I prayed to receive Christ at a Christian magic show when I was about 10 years old, and reaffirmed that commitment the next summer at a 5-day-club run by a neighbor. I don’t remember thinking much about spiritual things during this period, but a survey in 6th grade had the question, “I would like to learn more about…,” to which I replied, “the Bible.”
I began to question my faith in High School, which coincided with an increase in sin and rebellion in my life, which, in turn, coincided with getting my driver’s license. One spiritual highlight occurred, however, when I attended the National Youth Gathering for the ELCA churches in 1991. Tony Campolo spoke during one of the sessions and challenged us to give our careers to the service of others rather than ourselves. For instance, a lawyer should represent the truly oppressed in society who cannot pay for good legal defense; doctors should go to the really needy areas of the world to serve. This call to service really resonated with me, and has continued to influence my decisions.

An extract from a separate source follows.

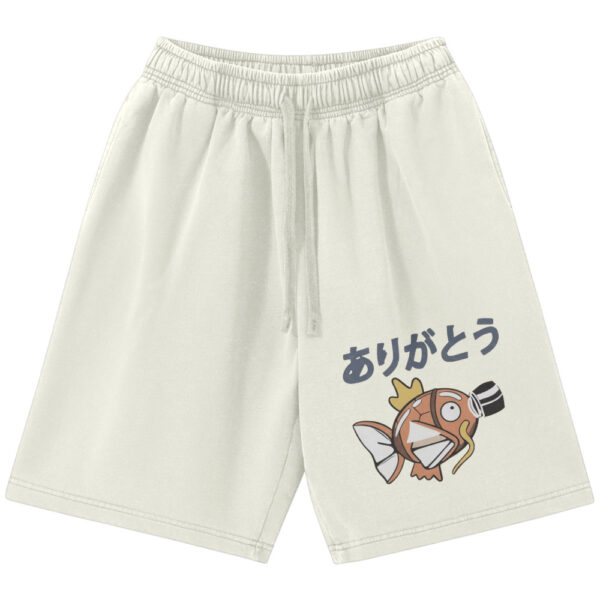 Magikarp Shorts, Pokemon Shorts, PKM Shorts, Anime Shorts, Vintage Shorts
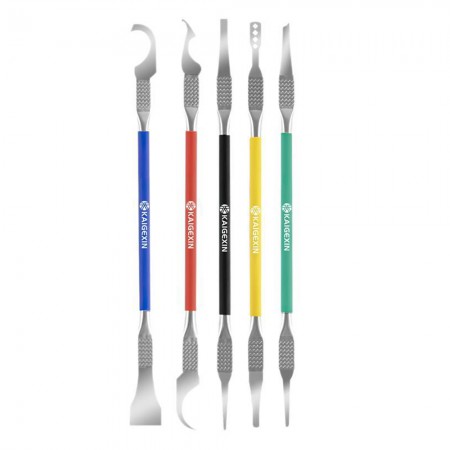 KGX-505 5-in-1 High-Quality Motherboard BGA Chip CPU Degumming Tool Pry Knife Set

My questions continued to build, and I enjoyed talking about spiritual things with my peers. One of my friends said I had to talk to this guy she met named “Shadow.” He was an odd kid, a “goth kid” before there was such a thing. We talked about all sorts of things, from philosophy to the occult. Then he looked me in the eye and spoke a word, and suddenly it’s like I was no longer there. Instead, I had the sense of overwhelming remorse, the kind one feels concerning the horrors of the holocaust. I then felt an evil presence, laughing at the whole thing. Then suddenly it was over, and I snapped back to reality. I left as quickly as I could, and never saw Shadow again. During my greatest seasons of questioning, that encounter continued to drive me on because I knew for sure that an evil supernatural force existed; I hoped that all I had learned as a child about an all-powerful good force was true as well.
As I entered college, my Dad began praying daily for me. In the spring of 1994 I began to take bike rides out to a secluded spot in the woods to sit and think. In the silence of those moments, God began to influence me, drawing me to Himself. I was wrestling with a decision over whether to take a summer job in a Print Shop and use my free time to direct a play, or instead to take a position as a camp counselor at a Lutheran summer camp. To my own surprise, I found myself accepting the counselor position.
That summer God awakened something inside of me. I began the summer with the affirmation that I was just beginning to believe again. After twelve weeks leading kids in daily Bible studies, songs, and worship, my faith got from my head down into my heart. I ended the summer with a conviction of the Truth. The turning point came when people started asking me if I would come back the following summer.
“I’d like to,” I answered, “but I should really get an internship next summer so I can get a good job once I get out of college. But I’d really rather come back here because I’d rather minister to kids.” Then it dawned on me: if I preferred ministry for the summer, what would ever make me think that I would want something different for the rest of my life? That decision affected my entire destiny.